**Aim of the task**. Pull every line containing "Nicht" from the listing.

/---

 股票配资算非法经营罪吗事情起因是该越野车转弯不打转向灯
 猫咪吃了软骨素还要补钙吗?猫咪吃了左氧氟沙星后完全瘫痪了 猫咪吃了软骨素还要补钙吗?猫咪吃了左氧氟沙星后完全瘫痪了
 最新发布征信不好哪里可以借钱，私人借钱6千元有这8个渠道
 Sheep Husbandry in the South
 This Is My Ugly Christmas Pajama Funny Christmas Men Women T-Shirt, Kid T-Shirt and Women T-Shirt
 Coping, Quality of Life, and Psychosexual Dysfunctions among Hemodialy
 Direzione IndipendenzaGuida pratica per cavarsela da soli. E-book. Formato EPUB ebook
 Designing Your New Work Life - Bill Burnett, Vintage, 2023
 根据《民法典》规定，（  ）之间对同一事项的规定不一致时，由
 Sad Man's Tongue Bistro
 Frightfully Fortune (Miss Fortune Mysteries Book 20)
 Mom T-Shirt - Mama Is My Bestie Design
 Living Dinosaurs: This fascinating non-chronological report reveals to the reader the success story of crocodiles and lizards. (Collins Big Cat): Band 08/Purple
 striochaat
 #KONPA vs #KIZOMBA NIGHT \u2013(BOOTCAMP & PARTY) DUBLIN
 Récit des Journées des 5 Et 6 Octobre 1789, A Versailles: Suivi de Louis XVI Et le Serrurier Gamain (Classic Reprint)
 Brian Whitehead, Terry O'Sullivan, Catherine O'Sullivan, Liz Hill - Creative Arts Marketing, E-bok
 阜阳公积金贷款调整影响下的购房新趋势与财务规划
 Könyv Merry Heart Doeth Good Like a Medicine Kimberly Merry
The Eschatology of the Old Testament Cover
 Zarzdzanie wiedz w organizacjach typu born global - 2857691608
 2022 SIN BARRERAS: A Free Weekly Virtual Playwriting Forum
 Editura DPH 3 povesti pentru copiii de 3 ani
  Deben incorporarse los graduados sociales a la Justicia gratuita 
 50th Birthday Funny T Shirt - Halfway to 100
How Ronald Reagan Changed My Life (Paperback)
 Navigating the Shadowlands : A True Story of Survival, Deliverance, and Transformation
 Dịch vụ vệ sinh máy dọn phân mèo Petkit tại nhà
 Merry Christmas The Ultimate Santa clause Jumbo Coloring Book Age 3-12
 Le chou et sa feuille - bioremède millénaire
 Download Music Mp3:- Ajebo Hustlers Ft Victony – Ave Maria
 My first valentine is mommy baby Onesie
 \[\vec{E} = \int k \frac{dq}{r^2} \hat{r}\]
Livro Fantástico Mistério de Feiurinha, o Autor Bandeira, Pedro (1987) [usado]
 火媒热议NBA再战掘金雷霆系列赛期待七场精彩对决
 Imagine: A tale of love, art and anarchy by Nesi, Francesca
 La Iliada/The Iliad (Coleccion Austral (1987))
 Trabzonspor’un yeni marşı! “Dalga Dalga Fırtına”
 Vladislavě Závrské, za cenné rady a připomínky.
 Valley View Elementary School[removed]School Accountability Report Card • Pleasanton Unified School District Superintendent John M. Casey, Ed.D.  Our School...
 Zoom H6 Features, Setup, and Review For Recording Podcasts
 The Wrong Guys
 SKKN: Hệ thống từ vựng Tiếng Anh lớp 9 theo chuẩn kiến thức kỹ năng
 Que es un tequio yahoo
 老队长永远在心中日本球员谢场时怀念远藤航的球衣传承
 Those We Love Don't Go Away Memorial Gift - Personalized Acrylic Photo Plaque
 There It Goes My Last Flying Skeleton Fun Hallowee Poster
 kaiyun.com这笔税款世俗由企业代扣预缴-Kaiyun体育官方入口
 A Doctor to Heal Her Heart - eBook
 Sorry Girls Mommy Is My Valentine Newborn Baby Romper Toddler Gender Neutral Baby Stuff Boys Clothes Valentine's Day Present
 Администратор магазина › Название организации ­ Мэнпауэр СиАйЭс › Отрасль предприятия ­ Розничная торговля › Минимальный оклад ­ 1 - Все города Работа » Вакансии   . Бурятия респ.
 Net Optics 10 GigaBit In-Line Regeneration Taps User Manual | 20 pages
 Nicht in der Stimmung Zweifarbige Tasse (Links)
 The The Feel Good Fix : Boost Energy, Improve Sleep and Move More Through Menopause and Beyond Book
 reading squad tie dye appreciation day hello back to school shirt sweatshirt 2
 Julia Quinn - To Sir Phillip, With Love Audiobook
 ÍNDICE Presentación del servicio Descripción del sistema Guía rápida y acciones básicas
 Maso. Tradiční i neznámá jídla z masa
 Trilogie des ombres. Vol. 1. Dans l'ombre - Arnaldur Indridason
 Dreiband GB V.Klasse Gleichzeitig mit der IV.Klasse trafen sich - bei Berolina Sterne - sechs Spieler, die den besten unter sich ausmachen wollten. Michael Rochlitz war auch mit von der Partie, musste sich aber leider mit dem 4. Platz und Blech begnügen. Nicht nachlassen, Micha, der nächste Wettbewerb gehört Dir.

\---

**Answer to the exercise**.
 Nicht in der Stimmung Zweifarbige Tasse (Links)
 Dreiband GB V.Klasse Gleichzeitig mit der IV.Klasse trafen sich - bei Berolina Sterne - sechs Spieler, die den besten unter sich ausmachen wollten. Michael Rochlitz war auch mit von der Partie, musste sich aber leider mit dem 4. Platz und Blech begnügen. Nicht nachlassen, Micha, der nächste Wettbewerb gehört Dir.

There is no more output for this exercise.